Потом пришла жена, и мы стали сокрушаться вдвоем. Она кричала: “Как же ты мог так забыть, что ты оплот семьи? Зачем ты написал это гадкое письмо? Почему тебе личные прихоти дороже детей?”
Наутро я шел на работу красный и вспотевший, у меня подгибались ноги. Я все ждал, что охранники заломят мне руки за спину и пнут меня с крыльца подальше от здания банка. На рабочем компьютере я дрожащими руками набил пароль и стал разбираться, куда ушло мое письмо. Оказалось, что оно лежало нетронутым в моем почтовом ящике, потому что я неправильно указал адрес своей личной почты. Я открыл письмо, еще раз перечитал, дописал, что у этих уродов через пень-колоду работает электронная почта, и послал его на свой домашний почтовый ящик.
ФОНДОВЫЙ РЫНОК
В 1993 году после окончания аспирантуры я работал грузчиком, засовывая по ночам звенящие ящики водки в длинные фуры. После работ нас кормили и поили, выдавали зарплату. Вечером я любил съездить на Гоголевский бульвар, где пил с горла пиво “Царь-пушка”.

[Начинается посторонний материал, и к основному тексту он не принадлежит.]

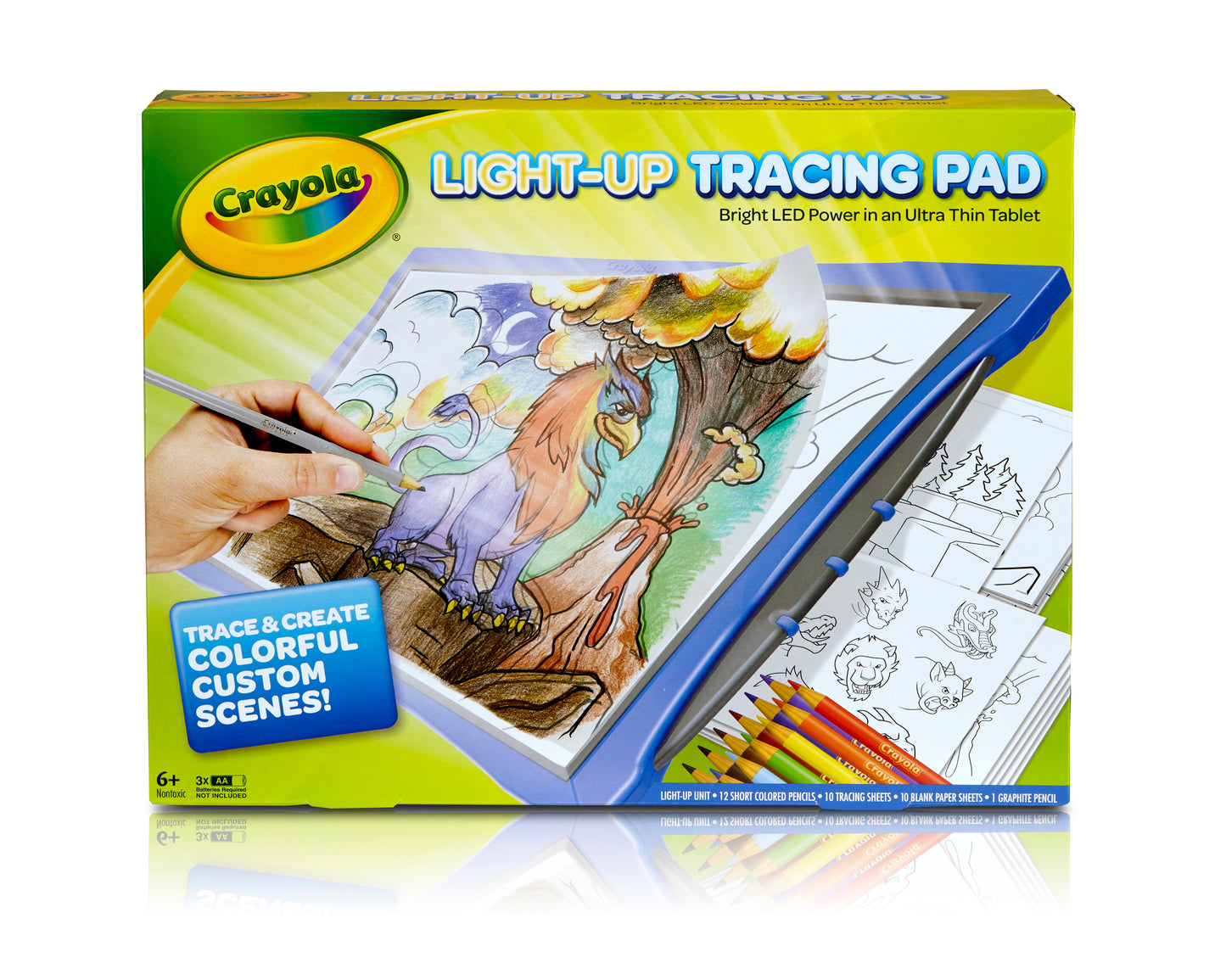 Light Up Tracing Pad Blue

7 января 1994 года я сидел у памятника Пушкину, когда из толпы ко мне вынырнул Андрюша. С Андрюшей мы вместе учились в МГУ. Он выслушал рассказ о моих мытарствах и позвал к себе в брокерскую контору покупать и продавать акции.

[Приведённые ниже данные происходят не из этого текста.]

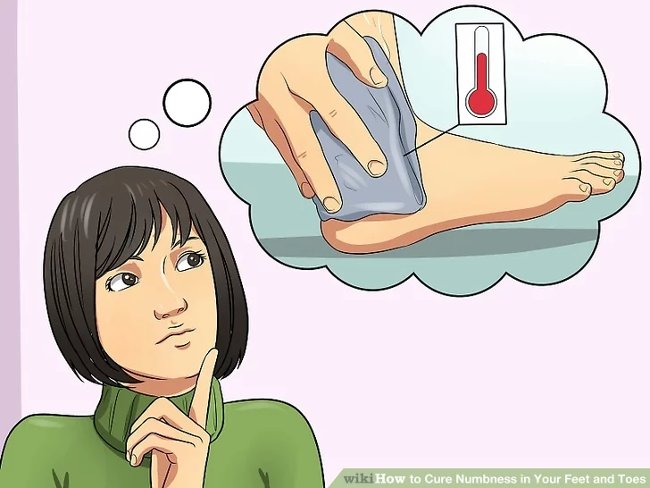 Áp dụng biện pháp giảm hiện tượng tê thỉnh thoảng xảy ra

Обычно ценные бумаги покупались дешево у работников заводов, которым директор не платил зарплату, а продавались иностранцам. Поэтому мы всегда узнавали, как давно руководство завода не платит рабочим, назначали день “Х” и ехали в провинцию со спортивной сумкой, набитой долларами.
Приезжая на место, мы снимали комнату в Доме культуры и обклеивали город объявлениями о скупке акций. К нам приходили и сирые, и голодные, и убогие. Мы давали маленькую копеечку.
Три года мы летали во все города России. Разъезжали в самых лучших автомобилях по самым элитным ресторанам Москвы. Купили многокомнатные квартиры и офис на Профсоюзной.
В сентябре 1997 года южно-корейский кризис потряс мировой фондовый рынок. Все упало на двадцать процентов, а директор Азиатского отделения международного фонда Мерир Линч выкинулся из окна. В марте 1998 года ушел в отставку премьер-министр Черномырдин. Весь российский рынок упал в ноль. 17 августа 1998 года грянул дефолт, и все наши клиенты, все наши активы, все наши денежки развеялись по ветру.
Уже в октябре, проев все сбережения, я бомбил по Москве развеселых кавказцев и разукрашенных проституток. Андрюша подался в трейдеры в банк МЕТАЛПРОКАТПОКА, а секретарша Людочка вышла замуж за волосатого колумбийского мафиози и уехала в Южную Америку кормить живыми кроликами крокодилов.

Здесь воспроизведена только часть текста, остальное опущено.